Unicode error in PageTemplate

Bug #143431 reported by Yury Don
2
Affects Status Importance Assigned to Milestone
Zope 2
Won't Fix
Medium
Unassigned

Bug Description

I have management_page_charset property with value "koi8-r". With zope 2.8 I can't create or edit Page Template if it contains russian characters in koi8-r encoding. When I try to save such Page Template, I'm getting an error:
Error Type: UnicodeDecodeError
Error Value: 'ascii' codec can't decode byte 0xf2 in position 199: ordinal not in range(128)

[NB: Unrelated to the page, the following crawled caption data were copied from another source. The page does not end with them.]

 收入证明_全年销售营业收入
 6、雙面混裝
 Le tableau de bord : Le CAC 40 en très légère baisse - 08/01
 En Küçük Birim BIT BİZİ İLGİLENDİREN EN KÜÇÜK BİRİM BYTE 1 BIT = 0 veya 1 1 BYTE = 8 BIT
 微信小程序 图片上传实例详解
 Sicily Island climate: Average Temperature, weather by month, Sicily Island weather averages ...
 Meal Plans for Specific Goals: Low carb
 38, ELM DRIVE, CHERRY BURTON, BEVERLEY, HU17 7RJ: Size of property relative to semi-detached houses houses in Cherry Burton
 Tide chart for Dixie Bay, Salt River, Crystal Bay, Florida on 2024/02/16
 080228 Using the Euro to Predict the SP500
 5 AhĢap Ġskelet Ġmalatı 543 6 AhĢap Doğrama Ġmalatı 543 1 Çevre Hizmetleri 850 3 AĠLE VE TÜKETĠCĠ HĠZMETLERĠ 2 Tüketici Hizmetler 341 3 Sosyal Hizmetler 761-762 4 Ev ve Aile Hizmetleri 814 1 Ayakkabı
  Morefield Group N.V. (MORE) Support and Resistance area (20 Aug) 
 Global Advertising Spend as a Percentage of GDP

If it's new (created in zope 2.8) object, traceback is:
Module ZPublisher.Publish, line 113, in publish
Module ZPublisher.mapply, line 88, in mapply
Module ZPublisher.Publish, line 40, in call_object
Module Products.PageTemplates.ZopePageTemplate, line 142, in pt_editAction
Module Shared.DC.Scripts.Bindings, line 311, in __call__
Module Shared.DC.Scripts.Bindings, line 348, in _bindAndExec
Module Products.PageTemplates.PageTemplateFile, line 110, in _exec
Module Products.PageTemplates.PageTemplate, line 103, in pt_render
<PageTemplateFile at /rft/adv/ll/pt_editForm>
Module StringIO, line 203, in getvalue

If it's old (created in zope 2.7) object, traceback is:
Module ZPublisher.Publish, line 113, in publish
Module ZPublisher.mapply, line 88, in mapply
Module ZPublisher.Publish, line 40, in call_object
Module Products.PageTemplates.ZopePageTemplate, line 135, in pt_editAction
Module Products.PageTemplates.PageTemplate, line 66, in pt_edit
Module Products.PageTemplates.ZopePageTemplate, line 224, in write
Module Products.PageTemplates.PageTemplate, line 144, in write

In zope 2.7 etherything was ok.

Tags: bug zope
Revision history for this message
Andreas Jung (ajung) wrote :

Changes: submitter email, importance (critical => medium)

Revision history for this message
Andreas Jung (ajung) wrote :

Could you try to figure out where the problem is? I've no idea how to reproduce this behaviour with utf8 or so...

Revision history for this message
Alexander Naberenkov (anaber) wrote :

I have exactly the same problem.
To fix it, I tried to insert "sys.setdefaultencoding('cp1251')" into the sitecustomize.py. Then I could upload file with russian characters in management console, but when I tried to view this one, I saw the '?' symbols instead of letters.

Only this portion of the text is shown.